1
votes

I'm doing a program that modifies only the metadata (standard and custom) in files Doc, xls, ppt and Vsd, the program works correctly but I wonder if there is a way to do this without loading the entire file into memory:

POIFSFileSystem POIFS = new POIFSFileSystem (new FileInputStream ("file.xls"))

The NPOIFSFileSystem method is faster and consumes less memory but is read only.

I'm using Apache POI 3.9

2
NPOIFS is nearly ready for write support, might contributing some fixes to it be possible?Gagravarr
Of course, how I can help?user2671914
If you send an email to the dev@ list I'll give you advice there, it's more than can fit in a comment block!
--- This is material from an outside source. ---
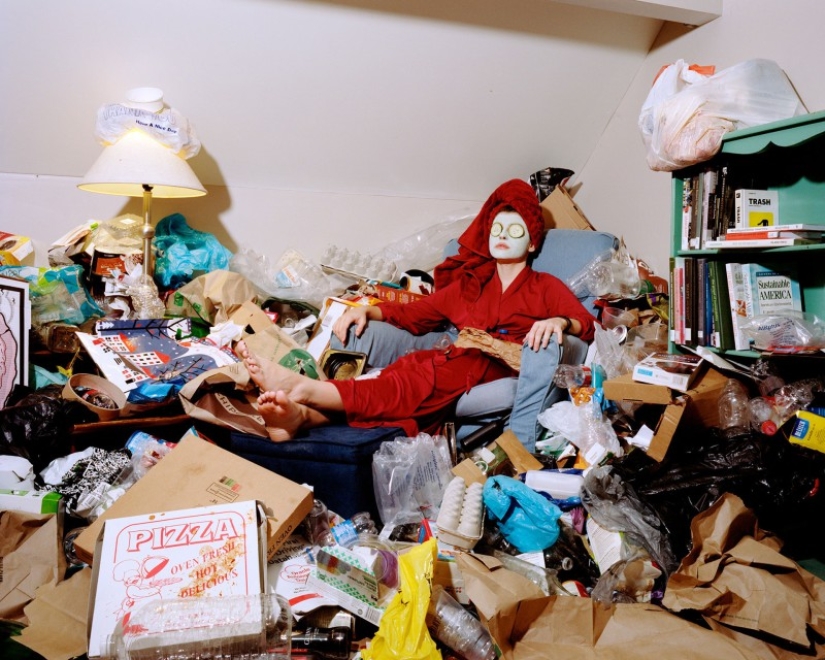 El fotógrafo llenó los apartamentos de los amigos con basura para mostrar lo que estamos haciendo con el planeta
Basically there are a couple of disabled failing unit tests that need their underlying logic fixing, and a couple of stub unit tests that need writingGagravarr

2 Answers

0
votes

You could map the desired part to memory and then work on it using java.nio.FileChannel.

In addition to the familiar read, write, and close operations of byte channels, this class defines the following file-specific operations:

  • Bytes may be read or written at an absolute position in a file in a way that does not affect the channel's current position.

  • A region of a file may be mapped directly into memory; for large files this is often much more efficient than invoking the usual read or write methods.

0
votes

At the time of your question, there sadly wasn't a very low memory way to do it. The good news is that as of 2014-04-28 it is possible! (This code should be in 3.11 when that's released, but for now it's too new)

Now that NPOIFS supports writing, including in-place write, what you'll want to do is something like:

// Open the file, and grab the entries for the summary streams
NPOIFSFileSystem poifs = new NPOIFSFileSystem(file, false);
DocumentNode sinfDoc = 
     (DocumentNode)root.getEntry(SummaryInformation.DEFAULT_STREAM_NAME);
DocumentNode dinfDoc = 
     (DocumentNode)root.getEntry(DocumentSummaryInformation.DEFAULT_STREAM_NAME);

// Open and parse the metadata
SummaryInformation sinf = (SummaryInformation)PropertySetFactory.create(
     new NDocumentInputStream(sinfDoc));
DocumentSummaryInformation dinf = (DocumentSummaryInformation)PropertySetFactory.create(
     new NDocumentInputStream(dinfDoc));

// Make some metadata changes
sinf.setAuthor("Changed Author");
sinf.setTitle("Le titre \u00e9tait chang\u00e9");
dinf.setManager("Changed Manager");

// Update the metadata streams in the file
sinf.write(new NDocumentOutputStream(sinfDoc));
dinf.write(new NDocumentOutputStream(dinfDoc));

// Write out our changes
fs.writeFilesystem();
fs.close();

You ought to be able to do all of that in under 20% of the memory of the size of your file, quite possibly less than that for larger files!

(If you want to see more on this, look at the ModifyDocumentSummaryInformation example and the HPSF TestWrite unit test)